Volcanoes are a natural source of sulfur dioxide.

The Great London smog is still the deadliest air pollution event in history. Because the atmosphere was stable, SO₂ emitted into air at ground level couldn't mix with cleaner air above. The SO₂ concentration was able to build to dangerous levels. 4000 people died during this 4 or 5 day period. As many as 8000 additional people died in the weeks and months following the December event. Some of the photographs below come from articles published in 2002 on the 50th anniversary of the event.

from: http://news.bbc.co.uk/1/hi/uk/2542315.stm	from: http://news.bbc.co.uk/1/hi/health/2545747.stm
from: http://news.bbc.co.uk/1/hi/england/2543875.stm	from: http://www.npr.org/templates/story/story.php?storyId=873954

The sulfur dioxide didn't kill people directly. The SO2 aggravated an existing condition of some kind and hastened their death. The SO2 probably also made people susceptible to bacterial infections such as pneumonia. This link discusses the event and its health effects in more detail.

London type smog which contains sulfur dioxide and is most common during the winter is very different from photochemical or Los Angeles type smog. Los Angeles type smog contains ozone and is most common in the summer.

Some other air pollution disasters also involved high SO2 concentrations. The 1948 Donora Pennsylvania event is described on p. 346 in the textbook.

"This eerie photograph was taken at noon on Oct. 29, 1948 in Donora, PA as deadly smog enveloped the town. 20 people were asphyxiated and more than 7,000 became seriously ill during this horrible event."
from:
http://oceanservice.noaa.gov/education/kits/pollution/02history.html

from:
http://www.eoearth.org/article/Donora,_Pennsylvania

A few students might be thinking about reading a book rather than performing an experiment. "When Smoke Ran Like Water," a book about air pollution has been added to the list of books. The author, Devra Davis, lived in Donora Pennsylvania at the time of the 1948 air pollution episode.

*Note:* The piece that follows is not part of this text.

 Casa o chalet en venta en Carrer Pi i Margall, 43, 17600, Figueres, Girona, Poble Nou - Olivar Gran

Sulfur dioxide is one of the pollutants that can react with water in clouds to form acid rain (some of the oxides of nitrogen can react with water to form nitric acid). The formation and effects of acid rain are discussed on p. 12 in the photocopied Class Notes.

Note that clean unpolluted rain has a pH less than 7 and is slightly acidic. This is because the rain contains dissolved carbon dioxide gas. Acid rain is often a problem in regions that are 100s even 1000s of miles from the source of that sulfur dioxide that forms the acid rain.

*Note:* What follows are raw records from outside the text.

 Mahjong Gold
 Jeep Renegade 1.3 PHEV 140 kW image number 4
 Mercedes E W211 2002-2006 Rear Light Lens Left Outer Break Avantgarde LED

Some of the problems or consequences of acid rain.

Click here for a discussion of the acid rain demonstration that was performed in class.

Next we will take a brief look at the current concern over increasing concentrations of carbon dioxide in the earth's atmosphere and the worry that this might lead to global warming and climate change. This is a complex and contentious subject and we will only scratch the surface.

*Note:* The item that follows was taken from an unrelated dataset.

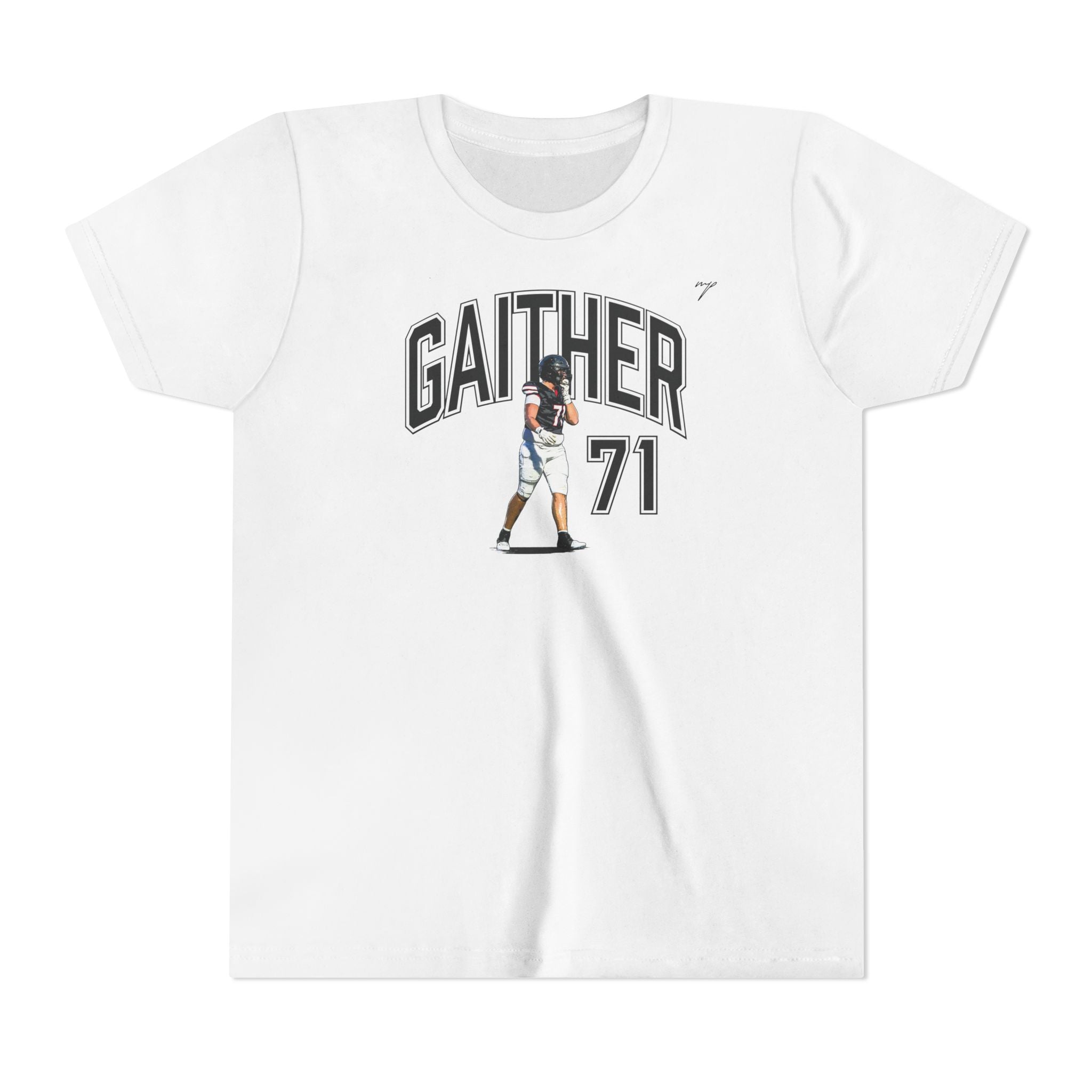 Ty Gaither YOUTH Graphic Tee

You'll find this at the top of p. 1 in the photocopied Classnotes. The highlighted numbered points were added after class.

1. Carbon dioxide is one of several greenhouse gases. Much of what we say about CO₂ applies to the other greenhouse gases as well.

2. Atmospheric CO₂ concentrations are increasing. This is pretty generally accepted as fact. We'll look at some of the evidence below.

3. Before we look at enhancement of the greenhouse effect, it is important to understand first that the greenhouse effect is beneficial.

3a. If the earth's atmosphere didn't contain any greenhouse gases, the global annual average surface temperature would be about 0^o F. That's pretty cold
3b. The presence of greenhouse gases raises this average temperature to about 60^o F.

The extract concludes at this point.